Statins are effective treatment for the prevention of cardiovascular diseases and used extensively worldwide. However, adverse effects induced by statins are the major barrier of maximalizing cardiovascular risk reduction. Hypothyroidism and administration of drugs metabolized on the same cytochrome P450 (CYPP450) pathways where statin biotransformation occurs represent a significant risk factor for statin induced adverse effects including myopathy. Simvastatin, atorvastatin and lovastatin are metabolized by CYP3A4, fluvastatin by CYP2C9, while rosuvastatin by CYP2C9 and 2C19. We investigated the levels of the free thyroid hormones and CYP metabolism of concomitant medication in 101 hyperlipidemic patients (age 61.3 +/- 9.9 ys) with statin induced adverse effects including myopathy (56 cases; 55.4%), hepatopathy (39 cases; 38.6%) and gastrointestinal adverse effects (24 cases; 23.8%). Abnormal thyroid hormone levels were found in 5 patients (4.95%); clinical hypothyroidism in 2 and hyperthyroidism in 3 cases. 11 patients had a positive history for hypothyroidism (10.9%). Myopathy occured in one patient with hypothyroidism and two patients with hyperthyroidism. There were no significant differences in the TSH, fT4 and fT3 levels between patients with statin induced myopathy and patients with other types of adverse effects. 78 patients (77.2%) were administered drugs metabolized by CYP isoforms also used by statins (3A4: 66 cases (65.3%); 2C9: 67 cases (66.3%); 2C19: 54 cases (53.5%)). Patients with myopathy took significantly more drugs metabolized by CYP3A4 compared to patients with other types of adverse effects (p < 0.05). More myopathy cases were found in patients on simvastatin treatment (52% vs. 38%, ns.), while significantly less patients with myopathy were on fluvastatin treatment (13% vs. 33%, p < 0.05) compared to patients with other types of statin induced adverse effects. Both abnormal thyroid hormone status and administration of drugs metabolized by CYP3A4, 2C9 and 2C19 are common in our patients with statin induced adverse effects. Normalizing the thyroid hormone status and optimizing of the concomitant medication may reduce the risk of statin induced adverse effects.

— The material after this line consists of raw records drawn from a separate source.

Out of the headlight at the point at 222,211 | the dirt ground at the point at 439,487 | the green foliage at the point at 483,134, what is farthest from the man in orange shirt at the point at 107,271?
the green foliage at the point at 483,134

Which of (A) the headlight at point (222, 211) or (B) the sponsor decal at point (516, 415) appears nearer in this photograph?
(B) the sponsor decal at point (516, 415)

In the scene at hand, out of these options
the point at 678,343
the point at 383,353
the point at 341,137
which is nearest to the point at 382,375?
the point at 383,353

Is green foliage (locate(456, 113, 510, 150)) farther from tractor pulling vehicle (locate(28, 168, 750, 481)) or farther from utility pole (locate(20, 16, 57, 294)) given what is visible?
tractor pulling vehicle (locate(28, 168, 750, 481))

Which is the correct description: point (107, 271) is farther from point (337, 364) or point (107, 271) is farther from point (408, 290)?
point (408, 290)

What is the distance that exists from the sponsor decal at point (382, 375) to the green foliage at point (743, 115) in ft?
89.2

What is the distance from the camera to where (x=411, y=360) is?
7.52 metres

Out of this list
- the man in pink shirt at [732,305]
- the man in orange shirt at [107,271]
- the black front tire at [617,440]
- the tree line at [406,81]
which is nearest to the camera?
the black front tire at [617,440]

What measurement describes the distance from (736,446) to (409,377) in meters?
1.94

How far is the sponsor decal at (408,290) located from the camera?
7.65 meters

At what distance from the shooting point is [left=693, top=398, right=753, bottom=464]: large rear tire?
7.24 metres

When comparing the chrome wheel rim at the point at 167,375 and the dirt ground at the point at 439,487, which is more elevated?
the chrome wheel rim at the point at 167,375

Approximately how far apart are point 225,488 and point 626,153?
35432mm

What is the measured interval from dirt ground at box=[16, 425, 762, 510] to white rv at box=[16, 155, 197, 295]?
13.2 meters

他汀类药物是预防心血管疾病的有效治疗药物,在全球范围内广泛使用。然而,他汀类药物引起的不良反应是最大限度降低心血管风险的主要障碍。甲状腺功能减退以及服用在他汀类药物生物转化所发生的相同细胞色素P450(CYPP450)途径上代谢的药物,是他汀类药物引起包括肌病在内的不良反应的重要危险因素。辛伐他汀、阿托伐他汀和洛伐他汀由CYP3A4代谢,氟伐他汀由CYP2C9代谢,而瑞舒伐他汀由CYP2C9和2C19代谢。我们调查了101例患有他汀类药物引起的不良反应(包括肌病56例;55.4%)、肝病(39例;38.6%)和胃肠道不良反应(24例;23.8%)的高脂血症患者(年龄61.3±9.9岁)的游离甲状腺激素水平和伴随用药的CYP代谢情况。5例患者(4.95%)甲状腺激素水平异常;2例临床甲状腺功能减退,3例甲状腺功能亢进。11例患者有甲状腺功能减退病史(10.9%)。1例甲状腺功能减退患者和2例甲状腺功能亢进患者发生了肌病。他汀类药物引起的肌病患者与其他类型不良反应患者的促甲状腺激素(TSH)、游离甲状腺素(fT4)和游离三碘甲状腺原氨酸(fT3)水平无显著差异。78例患者(77.2%)服用了也被他汀类药物使用的CYP同工酶代谢的药物(CYP3A4:66例(65.3%);CYP2C9:67例(66.3%);CYP2C19:54例(53.5%))。与其他类型不良反应患者相比,肌病患者服用CYP3A4代谢的药物明显更多(p<0.05)。辛伐他汀治疗的患者中肌病病例更多(52%对38%,无统计学差异),而与其他类型他汀类药物引起的不良反应患者相比,氟伐他汀治疗的患者中肌病患者明显更少(13%对33%,p<0.05)。在我们患有他汀类药物引起不良反应的患者中,甲状腺激素状态异常以及服用CYP3A4、CYP2C9和CYP2C19代谢的药物都很常见。使甲状腺激素状态正常化并优化伴随用药可能会降低他汀类药物引起不良反应的风险。